U.S. Government Steps Up as Google Backs Down
The fallout of the China Google drama picked up a notch yesterday, just as things seemed to be cooling off, with U.S. Secretary of State Hillary Clinton’s speech on Internet freedom ruffling some feathers in Beijing.
“Censorship should not be in any way accepted by any company from anywhere,” Clinton said yesterday in Washington. “American companies need to make a principled stand. This needs to be part of our national brand. I’m confident that consumers worldwide will reward companies that follow those principles.”
“Some countries have erected electronic barriers that prevent their people from accessing portions of the world’s networks,” she said in words that clearly ring true in China. “They have expunged words, names, and phrases from search engine results. They have violated the privacy of citizens who engage in nonviolent political speech.”
Chinese officials in Beijing rejected Mrs. Clinton’s call to remove Internet restrictions in their country, adding that such actions were harmful to bilateral relations.

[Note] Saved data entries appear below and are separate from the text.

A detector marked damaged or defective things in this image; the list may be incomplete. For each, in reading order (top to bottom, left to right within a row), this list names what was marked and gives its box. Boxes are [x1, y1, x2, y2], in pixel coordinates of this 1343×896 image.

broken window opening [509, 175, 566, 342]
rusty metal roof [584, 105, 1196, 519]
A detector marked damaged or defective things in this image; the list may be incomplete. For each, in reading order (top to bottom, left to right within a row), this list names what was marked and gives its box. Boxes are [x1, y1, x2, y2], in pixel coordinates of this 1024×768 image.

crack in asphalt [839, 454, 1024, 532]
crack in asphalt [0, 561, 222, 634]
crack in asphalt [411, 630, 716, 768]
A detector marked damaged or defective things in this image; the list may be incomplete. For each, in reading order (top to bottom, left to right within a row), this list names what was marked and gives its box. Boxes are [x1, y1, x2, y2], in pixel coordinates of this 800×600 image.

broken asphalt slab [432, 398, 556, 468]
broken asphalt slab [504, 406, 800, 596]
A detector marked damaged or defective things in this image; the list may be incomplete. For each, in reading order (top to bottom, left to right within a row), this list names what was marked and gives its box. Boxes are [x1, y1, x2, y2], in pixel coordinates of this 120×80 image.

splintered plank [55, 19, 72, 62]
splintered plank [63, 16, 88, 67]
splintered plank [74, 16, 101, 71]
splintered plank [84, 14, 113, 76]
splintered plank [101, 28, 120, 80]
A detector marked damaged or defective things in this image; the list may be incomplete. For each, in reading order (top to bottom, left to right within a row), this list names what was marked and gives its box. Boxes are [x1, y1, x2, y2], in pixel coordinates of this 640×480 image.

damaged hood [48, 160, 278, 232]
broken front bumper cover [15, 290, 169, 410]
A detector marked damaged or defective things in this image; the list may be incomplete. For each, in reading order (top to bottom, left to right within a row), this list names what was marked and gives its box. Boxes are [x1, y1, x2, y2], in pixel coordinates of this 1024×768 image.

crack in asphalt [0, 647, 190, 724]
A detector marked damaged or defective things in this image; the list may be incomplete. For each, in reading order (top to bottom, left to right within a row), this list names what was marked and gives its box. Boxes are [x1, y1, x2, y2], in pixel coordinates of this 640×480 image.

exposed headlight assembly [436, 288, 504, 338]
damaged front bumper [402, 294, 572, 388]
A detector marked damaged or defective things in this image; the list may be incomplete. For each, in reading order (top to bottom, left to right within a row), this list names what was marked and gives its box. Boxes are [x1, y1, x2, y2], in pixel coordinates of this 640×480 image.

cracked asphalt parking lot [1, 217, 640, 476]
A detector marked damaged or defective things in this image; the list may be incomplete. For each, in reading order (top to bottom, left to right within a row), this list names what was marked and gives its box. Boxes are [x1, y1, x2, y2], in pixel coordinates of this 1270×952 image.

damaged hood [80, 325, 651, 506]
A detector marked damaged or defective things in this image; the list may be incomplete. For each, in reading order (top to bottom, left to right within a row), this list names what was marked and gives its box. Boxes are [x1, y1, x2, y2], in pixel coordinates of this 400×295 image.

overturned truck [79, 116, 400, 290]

“We urge the U.S. side to respect facts and stop using the so-called freedom of the Internet to make unjustified accusations against China,” read a statement posted on the Chinese Foreign Ministry’s website today.
James Fallows, as always, also does a great job discussing and analyzing the implications of the speech on his blog.
Meanwhile, Google Inc. is currently amid talks with Beijing officials as they continue to follow Chinese laws, meaning the censoring of search results.
“We’ve made a strong statement that we wish to remain in China,” Google CEO Eric Schmidt said yesterday, while also adding that in “a reasonably short time from now we will be making some changes there.”